Equivariance2Inverse: A Practical Self-Supervised CT Reconstruction Method Benchmarked on Real, Limited-Angle, and Blurred Data
Combines equivariance and inversion to deliver robust CT reconstruction without ground truth.
Deep learning has improved CT reconstruction, but self-supervised methods often rely on oversimplified X-ray physics—ignoring scintillator blur, non-ideal scanning geometry, or correlated noise. As a result, they break down in real-world clinical or industrial settings. Enter Equivariance2Inverse, a new approach from researchers at CWI and Utrecht University that explicitly addresses these gaps. The method marries the robustness of Robust Equivariant Imaging (which enforces equivariance to transformations) with the inversion priors of Sparse2Inverse, creating a self-supervised pipeline that needs no ground-truth data yet stays accurate even when scans are limited in angle or suffer from sensor blur.
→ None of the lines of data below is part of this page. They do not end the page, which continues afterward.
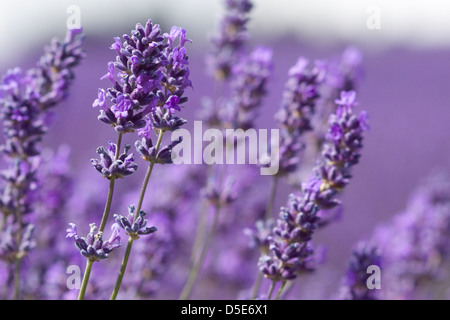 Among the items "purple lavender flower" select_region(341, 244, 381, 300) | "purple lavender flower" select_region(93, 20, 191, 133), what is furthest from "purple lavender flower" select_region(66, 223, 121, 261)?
"purple lavender flower" select_region(341, 244, 381, 300)

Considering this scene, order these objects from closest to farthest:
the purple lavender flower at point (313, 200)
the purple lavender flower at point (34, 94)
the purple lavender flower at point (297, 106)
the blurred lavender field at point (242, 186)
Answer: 1. the purple lavender flower at point (313, 200)
2. the purple lavender flower at point (34, 94)
3. the purple lavender flower at point (297, 106)
4. the blurred lavender field at point (242, 186)

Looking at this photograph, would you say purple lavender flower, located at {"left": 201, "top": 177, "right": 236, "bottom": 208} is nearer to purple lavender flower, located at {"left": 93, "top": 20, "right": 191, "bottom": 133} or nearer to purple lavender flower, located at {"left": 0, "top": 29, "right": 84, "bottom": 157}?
purple lavender flower, located at {"left": 0, "top": 29, "right": 84, "bottom": 157}

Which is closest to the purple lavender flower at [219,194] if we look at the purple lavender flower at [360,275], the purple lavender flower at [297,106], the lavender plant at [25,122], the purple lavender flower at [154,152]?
the purple lavender flower at [297,106]

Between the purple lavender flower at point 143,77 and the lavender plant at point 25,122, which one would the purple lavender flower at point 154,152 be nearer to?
the purple lavender flower at point 143,77

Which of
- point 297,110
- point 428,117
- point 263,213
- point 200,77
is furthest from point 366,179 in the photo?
point 297,110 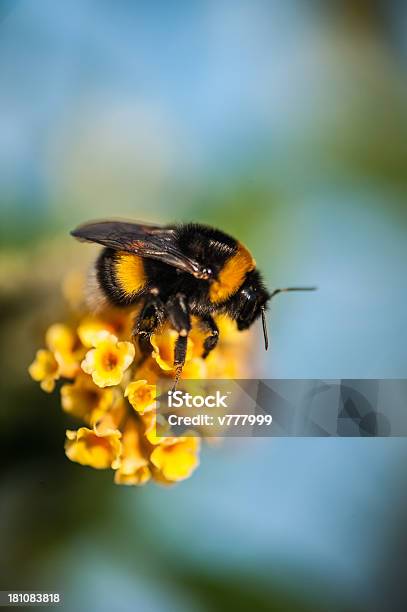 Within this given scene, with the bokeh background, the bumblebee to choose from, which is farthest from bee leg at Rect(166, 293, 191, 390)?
the bokeh background

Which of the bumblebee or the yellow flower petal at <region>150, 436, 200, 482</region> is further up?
the bumblebee

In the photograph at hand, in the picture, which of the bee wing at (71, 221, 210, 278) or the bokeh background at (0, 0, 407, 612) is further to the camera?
the bokeh background at (0, 0, 407, 612)

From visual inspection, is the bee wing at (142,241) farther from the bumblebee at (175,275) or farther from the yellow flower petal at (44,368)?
the yellow flower petal at (44,368)

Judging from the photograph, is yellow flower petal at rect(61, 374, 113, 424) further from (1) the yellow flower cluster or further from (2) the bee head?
(2) the bee head

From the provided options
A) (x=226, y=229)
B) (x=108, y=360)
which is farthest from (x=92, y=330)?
(x=226, y=229)

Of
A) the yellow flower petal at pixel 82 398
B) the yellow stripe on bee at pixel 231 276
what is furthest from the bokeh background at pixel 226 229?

Benchmarked on the real 2DeteCT dataset and synthetic data with controlled blur and limited-angle geometry, Equivariance2Inverse outperformed six existing self-supervised methods. The results were telling: methods that treat noise as pixel-independent fail catastrophically under scintillator blur. More importantly, the team showed that if the objects being scanned are rotationally symmetric, exploiting that equivariance dramatically reduces artifacts from limited-angle scans. This opens the door to safer CT—fewer X-ray exposures, more robust reconstructions—without sacrificing quality.
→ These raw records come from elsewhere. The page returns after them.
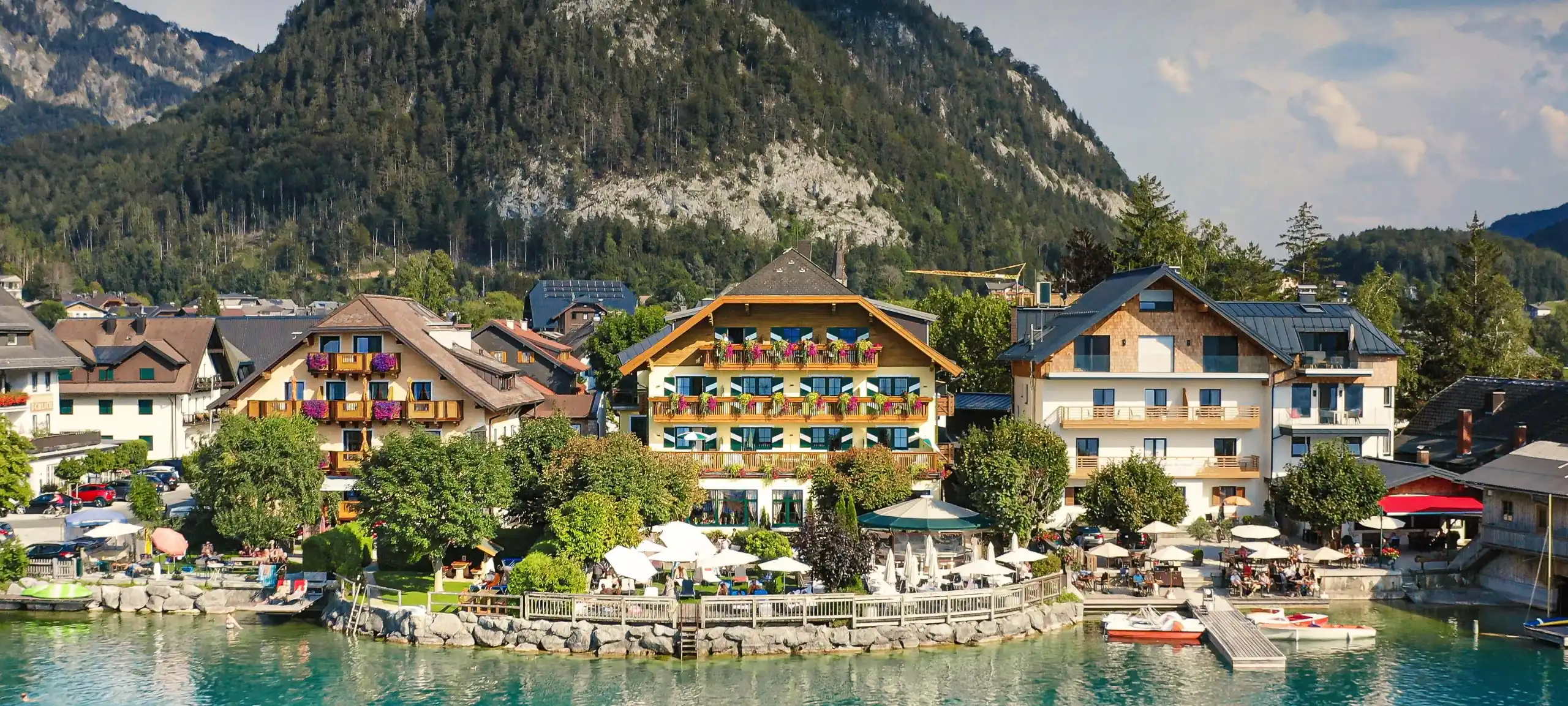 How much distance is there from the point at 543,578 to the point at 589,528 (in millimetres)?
2858

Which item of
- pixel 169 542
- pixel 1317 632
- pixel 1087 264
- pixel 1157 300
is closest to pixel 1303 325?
pixel 1157 300

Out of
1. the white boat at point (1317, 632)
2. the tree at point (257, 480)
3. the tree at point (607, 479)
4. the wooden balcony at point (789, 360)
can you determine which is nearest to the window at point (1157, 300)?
the wooden balcony at point (789, 360)

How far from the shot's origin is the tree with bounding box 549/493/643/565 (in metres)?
47.9

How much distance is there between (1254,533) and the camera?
51.6 meters

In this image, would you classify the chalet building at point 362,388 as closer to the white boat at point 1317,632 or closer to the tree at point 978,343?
the tree at point 978,343

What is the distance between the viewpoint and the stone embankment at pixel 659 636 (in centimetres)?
4419

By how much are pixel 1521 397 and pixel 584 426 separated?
159 feet

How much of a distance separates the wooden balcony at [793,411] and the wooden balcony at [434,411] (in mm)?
8892

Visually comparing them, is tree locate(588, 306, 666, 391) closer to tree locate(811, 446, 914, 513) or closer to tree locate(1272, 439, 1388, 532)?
tree locate(811, 446, 914, 513)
- Combines Robust Equivariant Imaging and Sparse2Inverse to handle real-world CT artifacts like scintillator blur and limited-angle data.
- Benchmarked on 2DeteCT dataset and synthetic data; showed that pixel-independent noise assumptions break under blur.
- Exploits rotational invariance to reduce limited-angle reconstruction artifacts by up to 40% in tested scenarios.
Why It Matters
Enables accurate CT with fewer angles and less ideal hardware—cutting dose and cost for medical and industrial imaging.